On Tuesday, the union released a survey that shows 86 per cent of Ontario’s long-term care workers have “worked short” (short-staffed) between one and 20 times per month.

The union has accused the provincial governing Liberals of backing off from a promise to institute minimum care standards for the frail and elderly, saying that residents in these facilities need at least 3.5 hours of care per day, which matches the standard in Alberta. To reach these levels, the union says, staffing must be increased.

“Your working conditions are the living conditions of seniors,” Fred Hahn, the union’s secretary treasurer, told dozens of CUPE members gathered around the union’s election campaign bus in Dieppe Gardens. “We know that seniors deserve proper care.”

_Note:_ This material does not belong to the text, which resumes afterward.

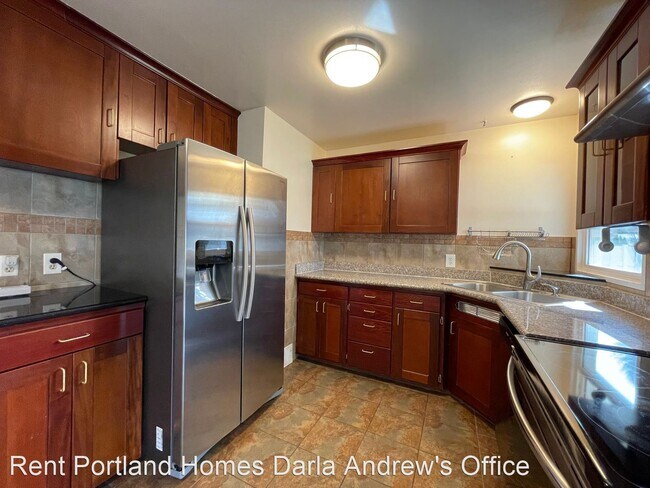 Building Photo - 3 br, 1 bath House - 13620 SE Stephens Place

The survey was released by the union as 250 members of CUPE Ontario’s Health Care Workers Co-ordinating Committee met in Windsor for their annual conference.

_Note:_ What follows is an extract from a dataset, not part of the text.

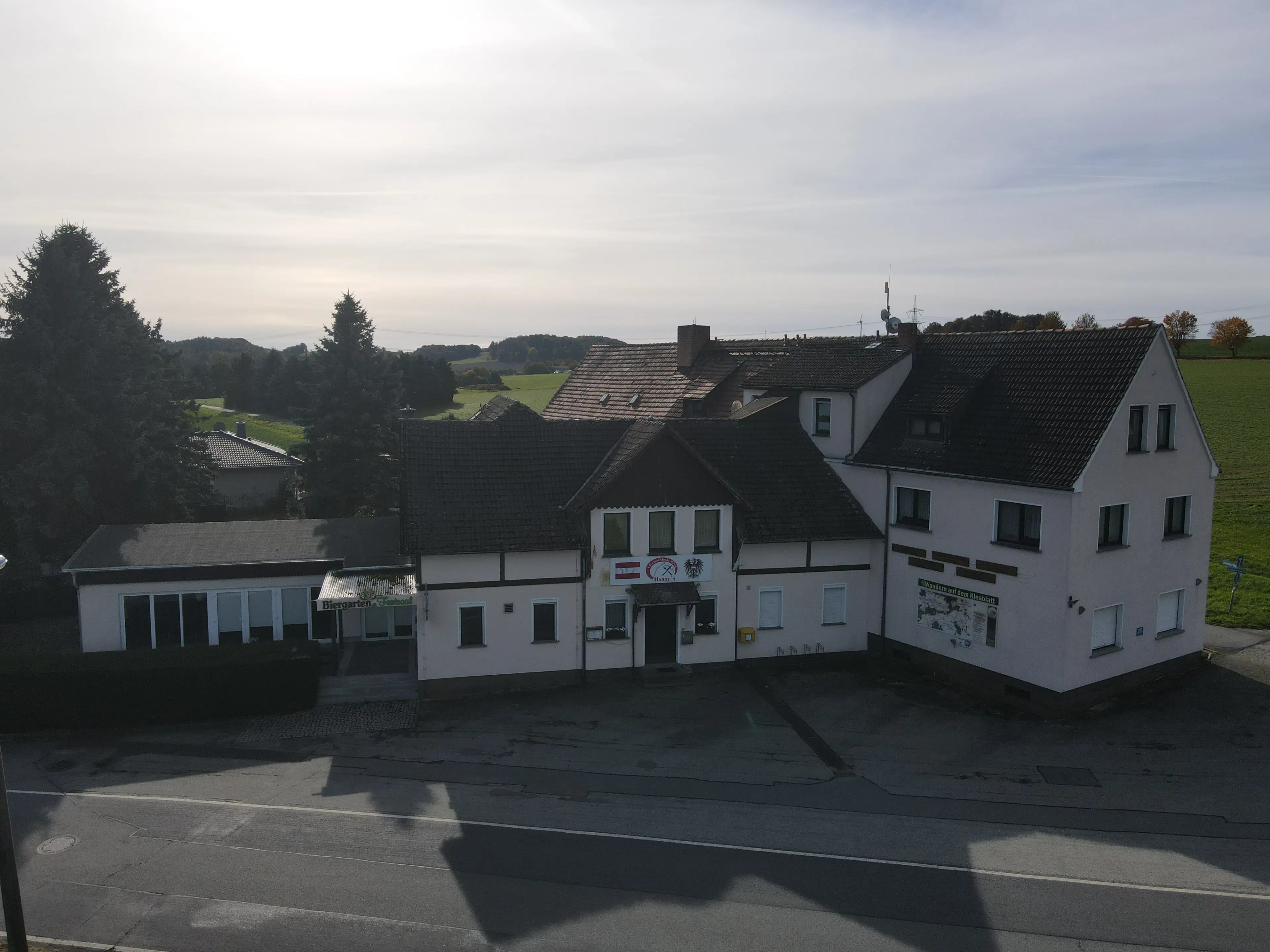 Hotel "Harry's Österreichische Hütte" met 13 kamers in Lawalde - Duitsland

Because of a funding shortfall and resulting lower staffing levels, long-term care residents are treated to “assembly line care,” said Diane Cormier, a health care aide from St. Catharines.

Staff come in early and leave late, skip breaks and barely have enough time to provide care such as bathing, she said.

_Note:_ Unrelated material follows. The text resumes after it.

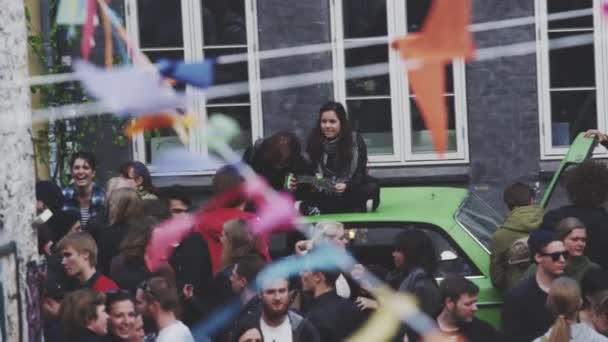 Défocalisé sur prise de vue ciblée de la foule lors d'une fête de rue — Video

“They should increase staffing levels. Right now, it’s assembly line care.”
Sue Schmidt, the co-ordinating committee’s chair, said injuries are on the increase and stress levels are high among overstretched workers.

“The residents are older, frailer. They don’t come in walking anymore,” Schmidt said. “I don’t believe any of the residents are getting poor care. But it can’t go on any longer.”
 
James Egan, administrator of Extendicare — a long-term care facility in Tecumseh where Monday an ailing amputee resident staged a one-man demonstration to protest deteriorating care he blames on cuts to nursing hours — said his site receives a provincial subsidy of $2.5 million, and residents or their families pay another $2.8 million. He has 140 employees.

Egan agreed staff in these homes are often scrambling, and said his and other facilities would love to see a funding increase so they can increase staff levels.

“There’s no doubt of that,” Egan said. “Staff in every home are run off their feet, and every home desires to hire more staff.”

He said if someone calls in sick, other workers are asked to work overtime on that shift or the tasks such as bathing of residents are done by the next day. Often, a worker will be called in just to do bathing.